Show that $\lim_{x\to 0^+}\int_x^{2x}\frac{\sin t}{t^2}dt=\ln 2.$

Question

Question: Show that $$\lim_{x\to 0^+}\int_x^{2x}\frac{\sin t}{t^2}dt=\ln 2.$$

Solution: Note that $$\lim_{x\to 0^+}\int_x^{2x}\frac{\sin t}{t^2}dt=\ln 2=\lim_{x\to 0^+}\int_x^{2x}\frac{dt}{t}\\\iff\lim_{x\to 0^+}\int_x^{2x}\frac{\sin t-t}{t^2}dt=0.$$

Thus it is sufficient to prove that $$\lim_{x\to 0^+}\int_x^{2x}\frac{\sin t-t}{t^2}dt=0.$$

Now, expanding $\sin t$ using Maclaurin's formula having remainder in Lagrange's form, we have $$\sin t=t-\frac{\cos\xi}{3!}t^3, \text{ where } \xi=\theta t\text{ and } 0<\theta<1.$$

Now $$\cos \xi\le 1\implies \frac{\cos \xi}{3!}t^3\le \frac{t^3}{3!}(\because t>0)\\\implies t-\frac{\cos \xi}{3!}t^3\ge t-\frac{t^3}{3!}\\\implies \sin t\ge t-\frac{t^3}{3!}.$$

Again since $t>0$, we have $\sin t<t$.

Thus $\forall t\in[x,2x]$ and $\forall x>0,$ we have $$t-\frac{t^3}{3!}\le \sin t\le t\\\implies -\frac{t}{3!}\le \frac{\sin t-t}{t^2}\le 0\\\implies \int_x^{2x} -\frac{t}{3!}dt\le \int_x^{2x}\frac{\sin t-t}{t^2}dt\le 0\\\implies -\frac{x^2}{4}\le \int_x^{2x}\frac{\sin t-t}{t^2}dt\le 0.$$

Now since $\lim_{x\to 0^+} -\frac{x^2}{4}=0$ and $\lim_{x\to 0^+} 0=0$, thus by Sandwich Theorem we can conclude that $$\lim_{x\to 0^+} \int_x^{2x}\frac{\sin t-t}{t^2}dt=0.$$ Hence, we are done.

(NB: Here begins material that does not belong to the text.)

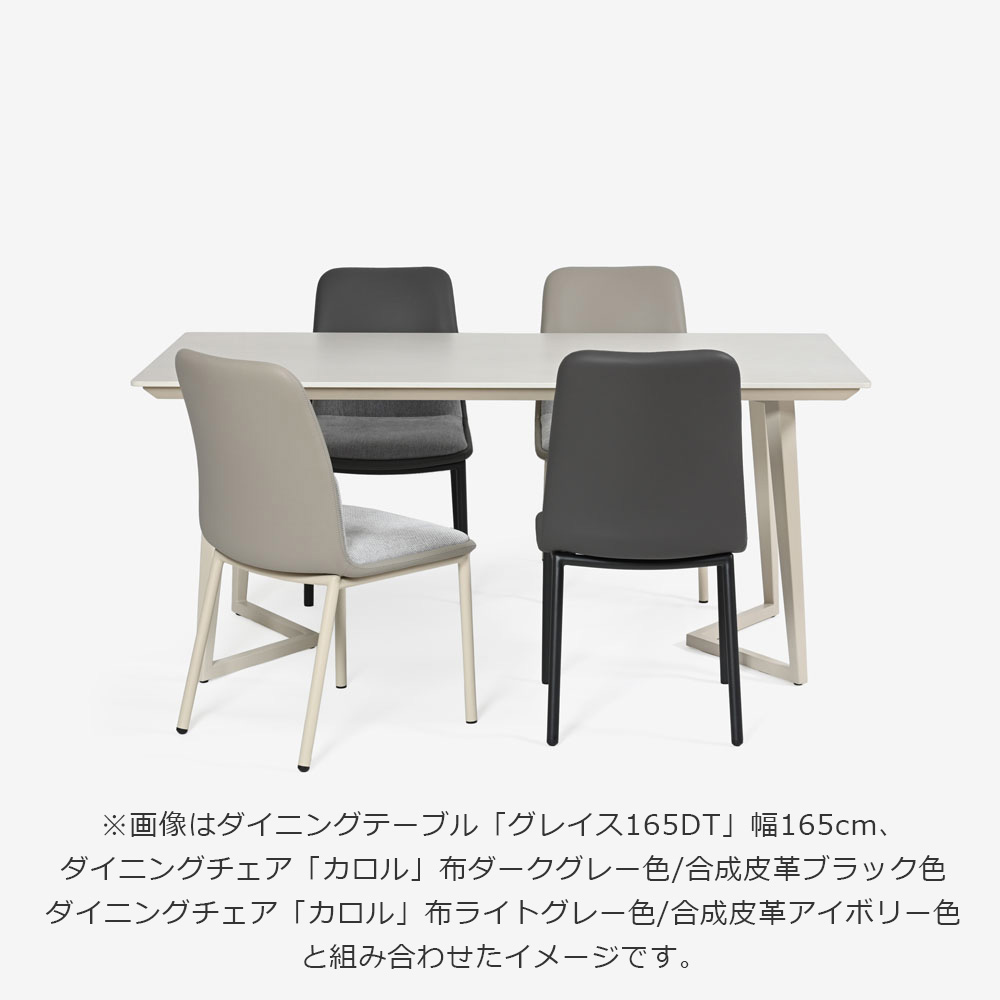 ダイニングテーブル「グレイス」セラミック天板 アイボリー色 全3サイズ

Is this solution correct and rigorous enough? Are there any alternative solutions?

Answer 1

There is an alternative solution. Integrating by parts with $u=\sin(t)$ and $v=-\frac1t$ we find that

$$\begin{align}\lim_{x\to 0^+}\int_x^{2x}\frac{\sin(t)}{t^2}\,dt&=\lim_{x\to 0^+}\left.\left(-\frac{\sin(t)}{t}\right)\right|_x^{2x}+\lim_{x\to 0^+}\int_x^{2x}\frac{\cos(t)}{t}\,dt\\\\ &=\lim_{x\to 0^+}\int_x^{2x}\frac{\cos(t)}{t}\,dt=\log(2)+\int_x^{2x}\frac{\cos(t)-1}{t}\,dt \end{align}$$

Then, note that for $t\in [x,2x]$, $|1-\cos(t)|=2\sin^2(t/2)\le t^2/2$. Therefore, $\lim_{x\to 0^+}\int_x^{2x}\frac{\cos(t)-1}{t}\,dt=0$ and we conclude

$$\lim_{x\to 0^+}\int_x^{2x}\frac{\sin(t)}{t^2}\,dt=\log(2)$$

as expected!

Answer 2

You can use the fact that $y = \dfrac{\sin x}{x}$ is positive and decreasing on $(0,\pi)$ so that if $0 < x < \pi/2$ you have $$ \frac{\sin 2x}{2x} \ln 2 = \frac{\sin 2x}{2x} \int_x^{2x} \frac 1t \, dt \le \int_x^{2x} \frac{\sin t}{t^2} \, dt \le \frac{\sin x}{x} \int_x^{2x} \frac 1t \, dt = \frac{\sin x}{x} \ln 2.$$ Now apply the squeeze theorem.

Answer 3

MVT for Integrals:

$\displaystyle{\int_{x}^{2x}}\dfrac{\sin t}{t}\frac{1}{t}dt =\dfrac{\sin s}{s}\int_{x}^{2x}\frac{1}{t}dt=$

$\dfrac{\sin s}{s}\left (\log 2x-\log x \right)$, where $s \in [x,2x]$.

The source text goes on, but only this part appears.